A book I love is "A Place to Land," which is the history of MLK's "I Have a Dream" speech.
The book seems to be targeted at middle-school students--students who certainly know what it's like to be unable to complete a writing assignment.
We begin with MLK fighting to draft words for the March on Washington (1963). It's not difficult to *start* a draft, but it's difficult to end. "You're circling above the trees, and you're searching, searching for a place to land." MLK gathers many advisors, and he listens--"one mark of a great person is the ability to listen"--and some ideas pop out. Talk about jobs. Talk about how we have been handed a bad check; America has given us a bad check. Talk about economic justice.

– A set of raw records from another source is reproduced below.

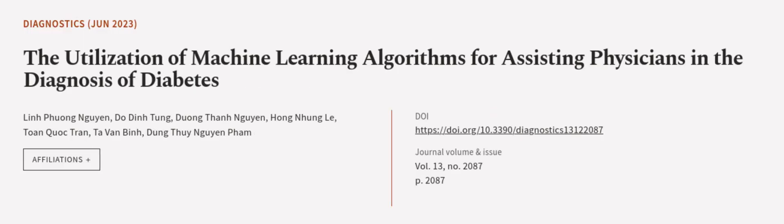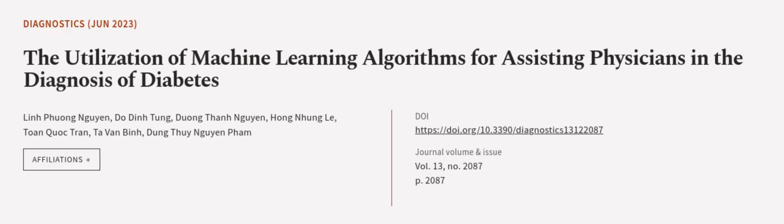This article was authored by Lin Fuang Nguyen, Du Dinh Tung, Duong Tong Nguyen, and others.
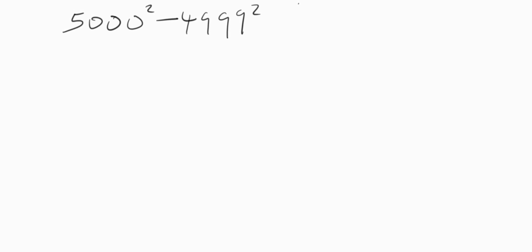In this video we are going to learn how to solve this Olympic math question fast. Let's get started. I will solve this kind of problem in one minute without the use of a calculator.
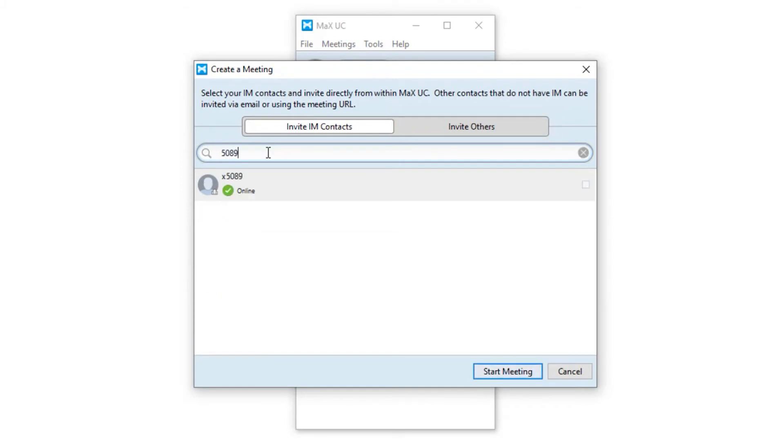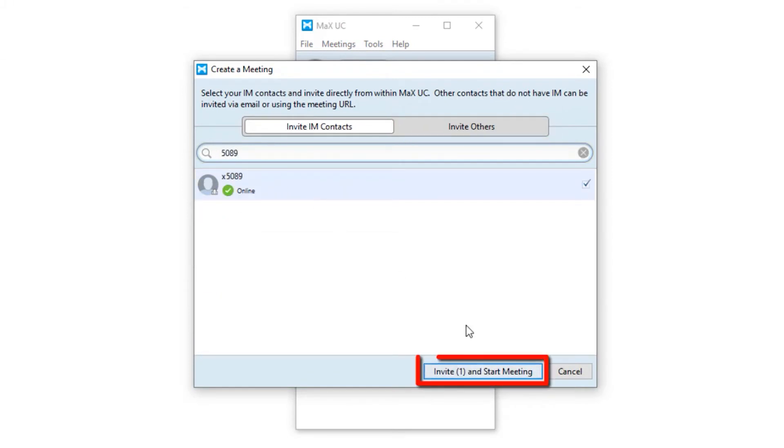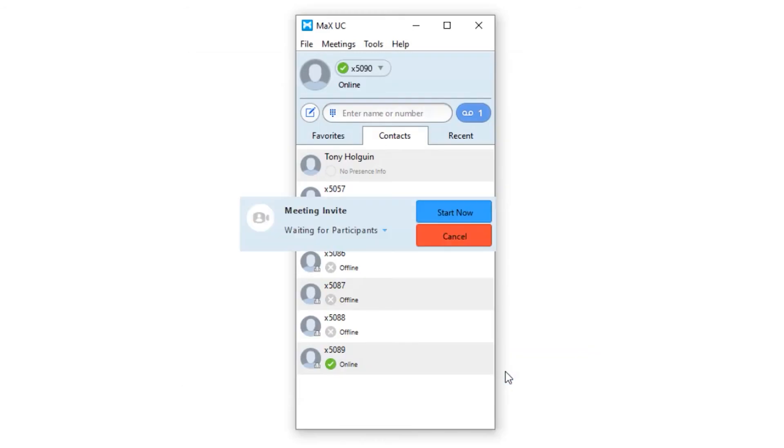Once you've finished inviting your contacts, select the Start Meeting button. You've become the moderator for this meeting.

The book shows how MLK looked for alliteration and for rhyming *within* words--these grace notes made simple sentences memorable.

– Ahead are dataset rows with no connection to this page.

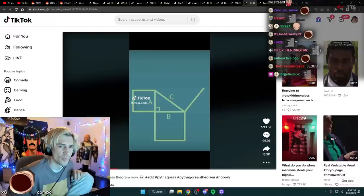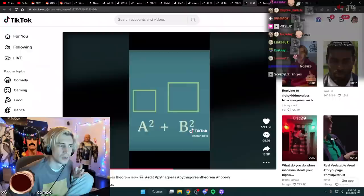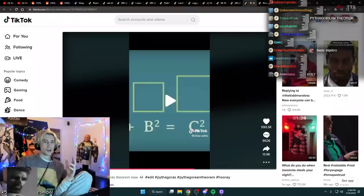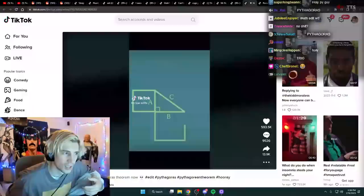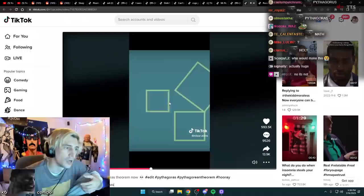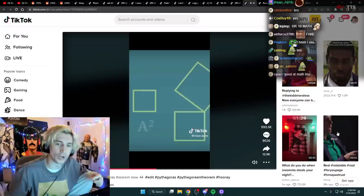The square of one side plus the square of the other side is equal to the square of the hypotenuse — in other words, a squared plus b squared equals c squared. So you can deconstruct it backwards: a squared plus b squared equals c squared. That's insane.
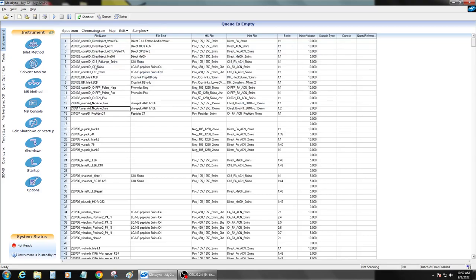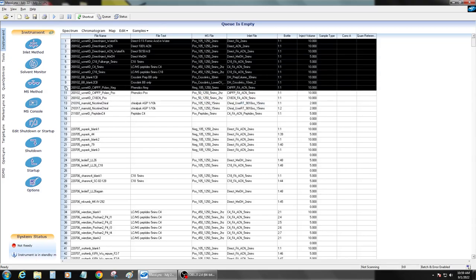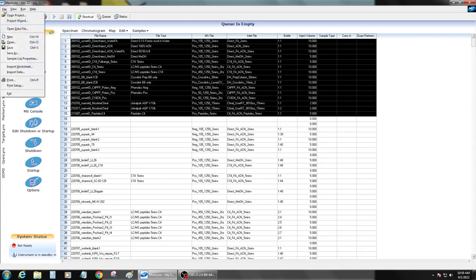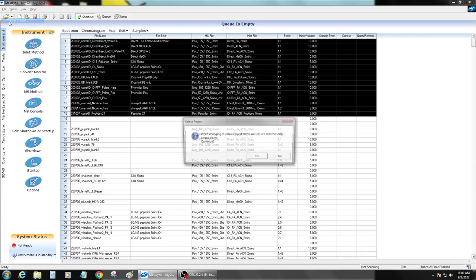There are direct injection methods, CHC-4 methods, and a bunch of custom methods for people. Copy that. And I'm going to go ahead and use the project wizard.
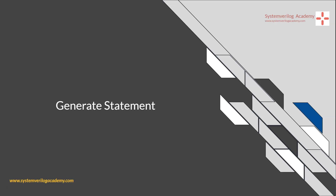That's the end of this video. Please do subscribe if you haven't, and visit our website at systemverilogacademy.com to find more SystemVerilog courses and training programs.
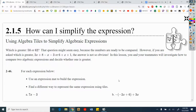Welcome back everybody. Mr. Gajewski here. Lesson 2.1.5, how can I simplify the expression? Using algebra tiles to simplify algebraic expressions. Which is greater, 58 or 62?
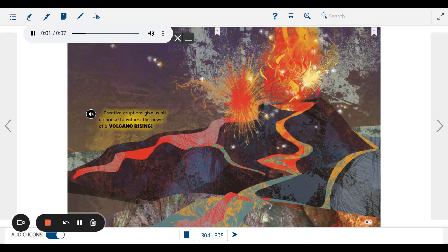Creative eruptions give us all a chance to witness the power of a volcano rising.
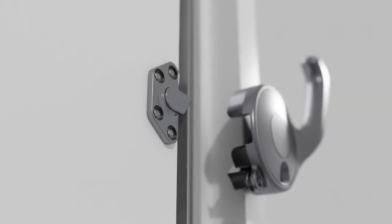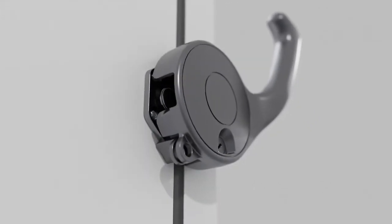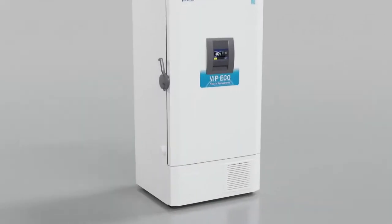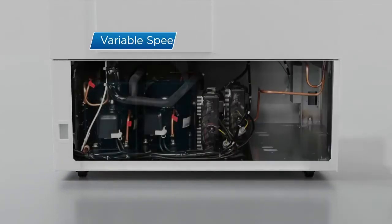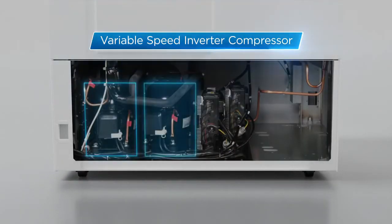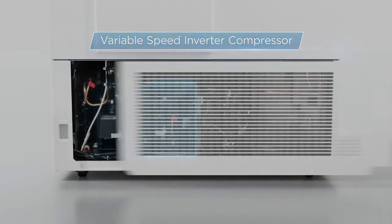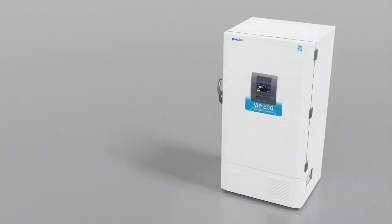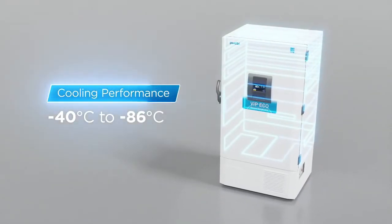And the design ingenuity doesn't end there. PHCBI brand products' powerful inverter technology allows each compressor to speed up and slow down gradually, circulating a consistent flow of refrigerant through a tight network of tubes throughout the walls of the freezer.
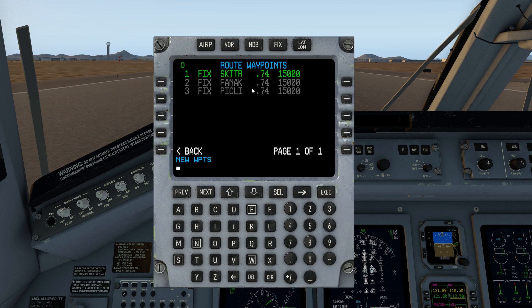The big thing to remember is that if you're loading something from another source — SimBrief, or what have you — you want to be sure that you do not have any waypoints that include your airport or a departure procedure or an arrival procedure. You just want to connect the end of your SID to the beginning of your STAR. That's the whole point of a route, or what's called a company route.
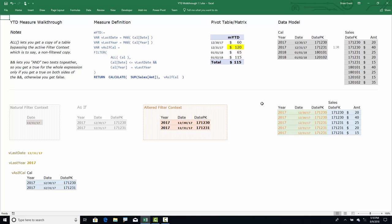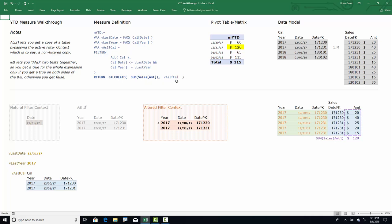We sum the amount column for those rows and get 120. CALCULATE finishes evaluating, resets the filter context back to the natural one in case there's additional code, and returns 120 to the pivot table. That's how we get that number for the 12-31-2017 cell.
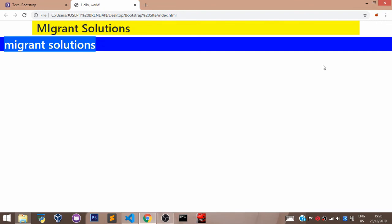Now, let's head over to the next video where we shall discuss the Bootstrap grid system and how to use it properly.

But the big surprise is this. MLK stood before the Lincoln Monument, and he actually struggled. The speech wasn't really taking off. It's Mahalia Jackson who called out, "Tell them about the dream." And at this moment, MLK *abandoned his script* and *improvised* these words:
I have a dream that one day on the red hills of Georgia, the sons of former slaves and the sons of former slave owners will be able to sit down together at the table of brotherhood.
I have a dream that one day even the state of Mississippi, a state sweltering with the heat of injustice, sweltering with the heat of oppression, will be transformed into an oasis of freedom and justice.

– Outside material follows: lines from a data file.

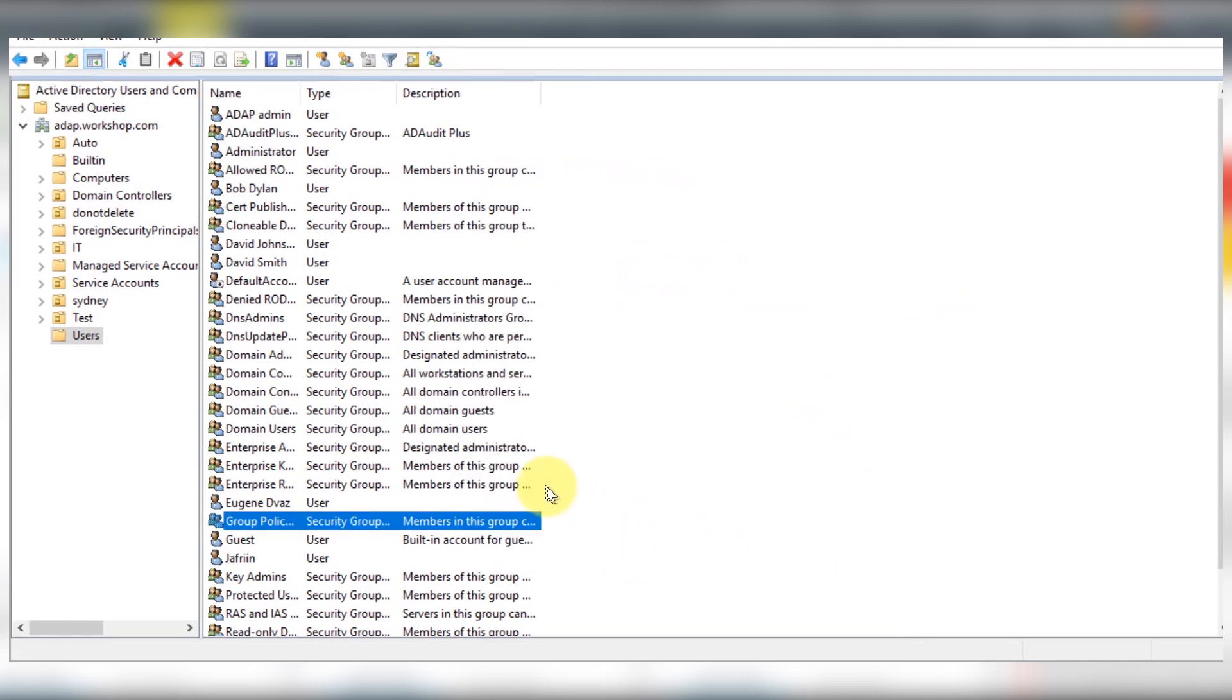If you have got Windows failover cluster configurations, you should grant DCOM and WMI permissions.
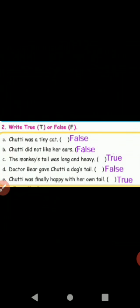Now we'll see the book exercise. Page number 74: write true or false. First one — Chutty was a tiny cat. Answer: false, F-A-L-S-E. Second one — Chutty did not like her tail. Answer: false.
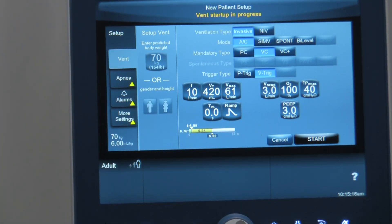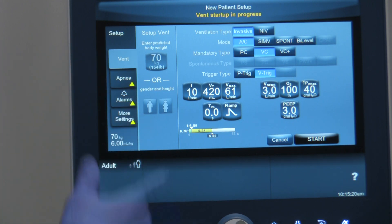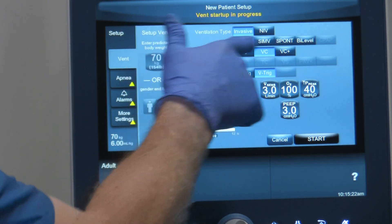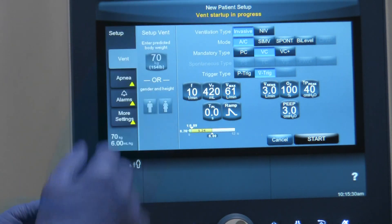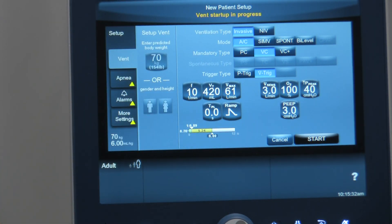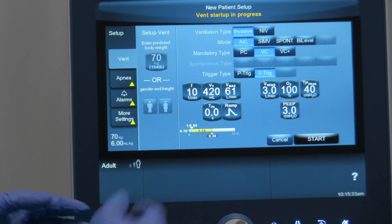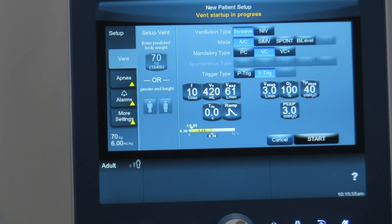Now when we're in invasive, some of the things it allows us to choose next is the mode. The mode selections on the PB980 are assist control, SIMV — which is synchronous intermittent mandatory ventilation — spontaneous mode, and bi-level. So we're going to choose assist control as our basic mode to start with.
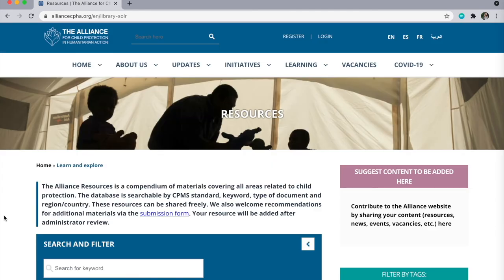The Alliance is committed to providing meaningful evidence-based capacity building resources and trainings, so we also welcome recommendations of material related to all areas of child protection to be added to our website. Content will be added only after administrative review, so we invite you to suggest content via this submission form under the pink tab here.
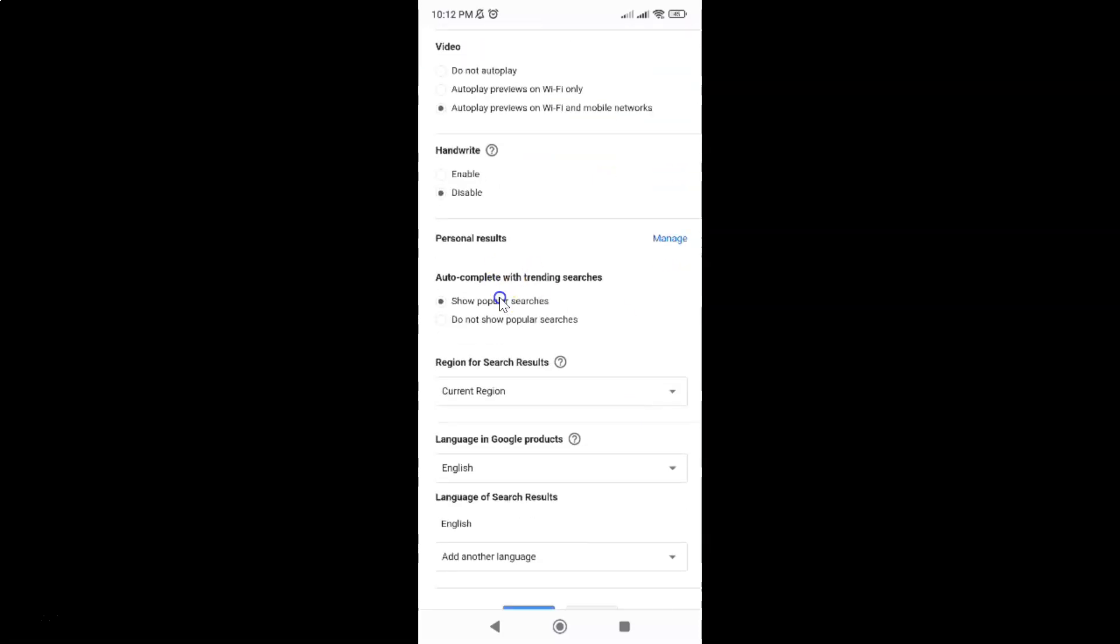Find autocomplete with trending searches. You can see here we have two options: show popular searches and do not show popular searches.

I have a dream that my four little children will one day live in a nation where they will not be judged by the color of their skin but by the content of their character. I have a dream today.
We sometimes just assume the words were crafted and shaped, but in fact, they seem to be a product of divine inspiration.
After MLK galvanizes his listeners, he meets with the trickster JFK, and then he becomes a kind of otherworldly force, powering John Lewis, Shirley Chisholm, and Barack Obama.
The writer wisely chooses just two days in MLK's life to tell a tight, dramatic story. We don't have to wade through details of the birth, details of the elementary-school years. Dramatic images of the Edmund Pettus Bridge and of "armed soldiers patrolling Constitution Avenue" accompany Wittenstein's smart text.
Just an unusual, canny piece of writing--and as interesting for adults as it is for kids.